March 18, 2017

Almost time for GSoC Applications!

Your chance to join the DevoWorm group is almost upon us. If you are a student, the Google Summer of Code (GSoC) is a good opportunity to gain programming experience. Applications are being accepted from March 20 to April 3. If selected, you will join the DevoWorm group, and also have the chance to network with people from the OpenWorm Foundation and the INCF.

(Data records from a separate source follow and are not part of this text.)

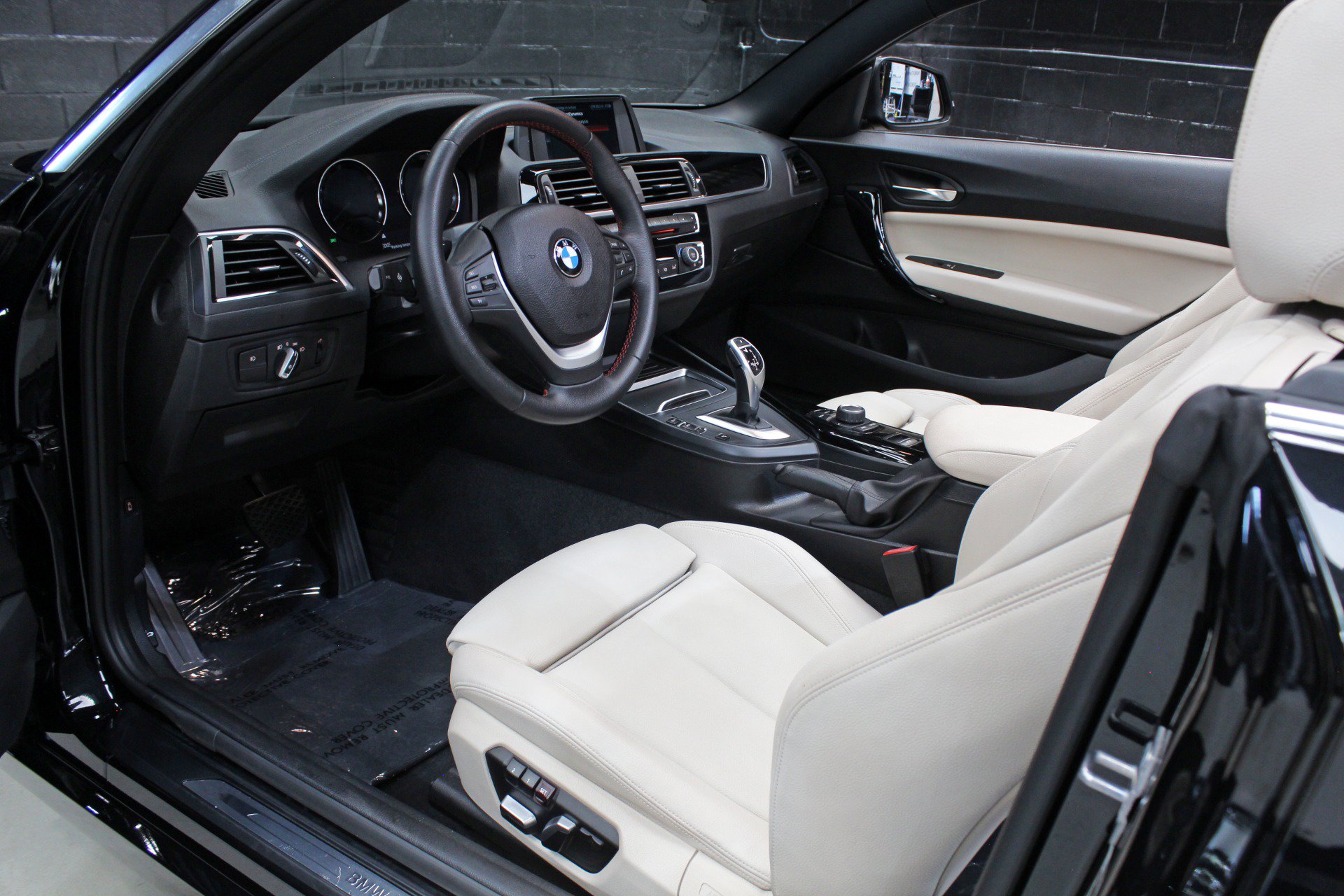 Used 2018 BMW 230i Convertible RWD image 32
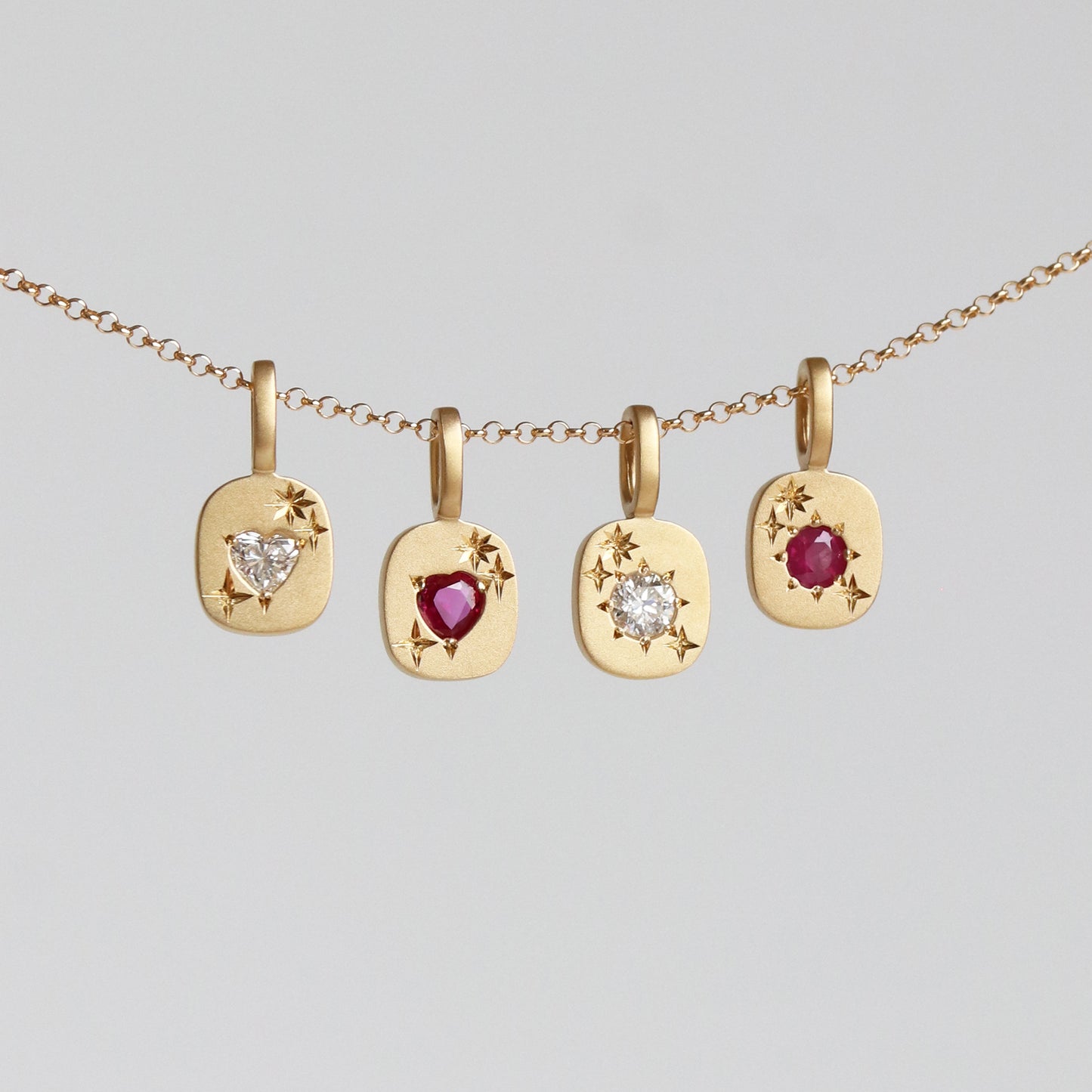 REVERSIBLE SMILE CHARM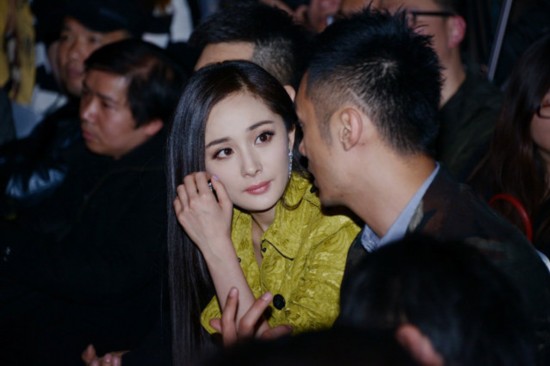 《微时代之恋》在沪举行开机发布会,杨幂带着她钦点的男主角余文乐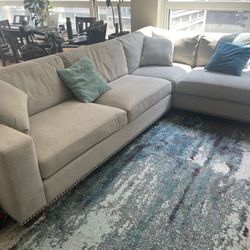 Couch - thomasville artesia fabric sectional 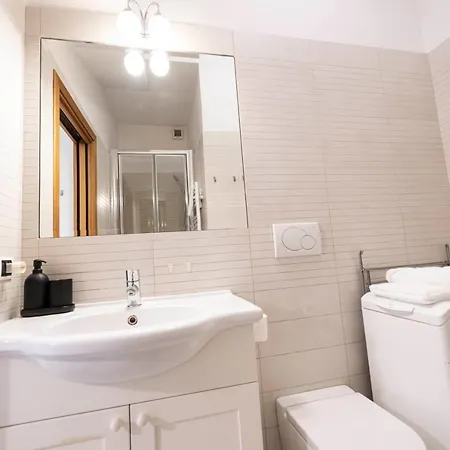 Apartment Ibernesi 23 - Fori Imperiali *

The best approach to a successful application is to discuss your skills, provide an outline of what you plan to do (which should resemble the project description), and then discuss your approach to solving the problems at hand. We are particularly interested in a demonstration of your problem-solving abilities, since many people will apply with a similar level of skill. You can find an application template in outline form here.

You can apply to work on one of two DevoWorm projects: "Physics-based Modeling of the Mosaic Embryo in CompuCell3D" or "Image processing with ImageJ (segmentation of high-resolution images)". If you have any questions, comment in the discussions or contact me directly.

March 15, 2017

A Tree of Deeper Experiences -- the Authorship Tree

One of the most difficult aspects of academic publishing with multiple authors is in determining the order of authorship. In many fields, authorship order is the key to job promotion. Unfortunately, these conventions vary field, while the criteria for authorship slots often varies by research group. Since a responsible accounting of contributions are key to determining authorship and authorship order [1], it is worth considering multiple possibilities for conveying this information.

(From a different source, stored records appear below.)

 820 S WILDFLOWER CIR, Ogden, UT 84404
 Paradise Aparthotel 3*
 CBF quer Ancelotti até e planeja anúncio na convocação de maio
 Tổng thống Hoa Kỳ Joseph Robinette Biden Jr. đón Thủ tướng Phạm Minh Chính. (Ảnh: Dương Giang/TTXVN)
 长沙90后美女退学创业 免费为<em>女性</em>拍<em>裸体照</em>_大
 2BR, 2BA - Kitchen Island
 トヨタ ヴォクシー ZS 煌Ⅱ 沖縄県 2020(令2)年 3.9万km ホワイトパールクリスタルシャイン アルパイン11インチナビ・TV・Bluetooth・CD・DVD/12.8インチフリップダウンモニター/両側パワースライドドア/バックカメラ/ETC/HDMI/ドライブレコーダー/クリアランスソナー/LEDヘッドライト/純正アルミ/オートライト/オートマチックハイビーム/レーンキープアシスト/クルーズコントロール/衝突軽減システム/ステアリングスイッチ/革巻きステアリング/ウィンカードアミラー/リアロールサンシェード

Example of an Authorship list (with affiliations)

A mathematics or computer science researcher might also see the problem as one of choosing the proper representational data structure. The authorship order, no matter how determined, is a 1-dimensional queue (ordered list). Even though some publishers (such as PLoS) allow for footnotes (an inventory of author contributions), there is still little room for nuance.

Example from "The Academic Family Tree"

But is there a better way? Academic genealogies provide one potential answer. A typical genealogy can be thought of as a 1-dimensional order, from mentor to student. In reality, however, an academic have multiple mentors, influenced by a number of predecessors. The construction of academic family trees [2] is one step in this direction, turning the 1-dimensional graph into a 2-dimensional one.

Picture of the Authorship tree cover. COURTESY: "The Giving Tree" by Shel Silverstein

This is why Orthogonal Lab has just published a hybrid infographic/paper called the The Authorship Tree [3]. This is a working document, so suggestions are welcome. The idea is to not only determine the relative scope of each contribution, but also to graphically represent the interrelationships between authors, ideas, and scope of the contributions.

As we can see from the example below, this includes not only our authors, but also people from the acknowledgements, funders, reviewers, authors of important papers/methods, and funders. While the ordering of branches along the stem suggests an authorship order, they are actually ranked according to their degree of contribution [4]. To this end, there can be equivalent amounts of contribution, as well as inclusion of minor contributors not normally included in an authorship list.

Example of an authorship tree (derived from original 1-D author list).

[1] Cozzarelli, N.R. (2004). Responsible authorship of papers in PNAS. PNAS, 101(29), 10495.

[2] David, S.V. and Hayden, B.Y. (2012). Neurotree: A Collaborative, Graphical Database of the Academic Genealogy of Neuroscience. PLoS One, 7(10), e46608. doi:10.1371/journal.pone.0046608.

[3] Orthogonal Lab (2017). The Authorship Tree. Figshare, doi:10.6084/m9.figshare.4731913.

[4] For more on the point system convention, please see: Venkatraman, V. (2010). Conventions of Scientific Authorship. Science Issues and Perspectives, doi:10.1126/science.caredit.a1000039.

March 4, 2017

Open Data Day Activities

Today is International Open Data Day, which was first proposed in 2010. To do my part, we will discuss a few open data-related items. Namely, what can you do to make this day a success?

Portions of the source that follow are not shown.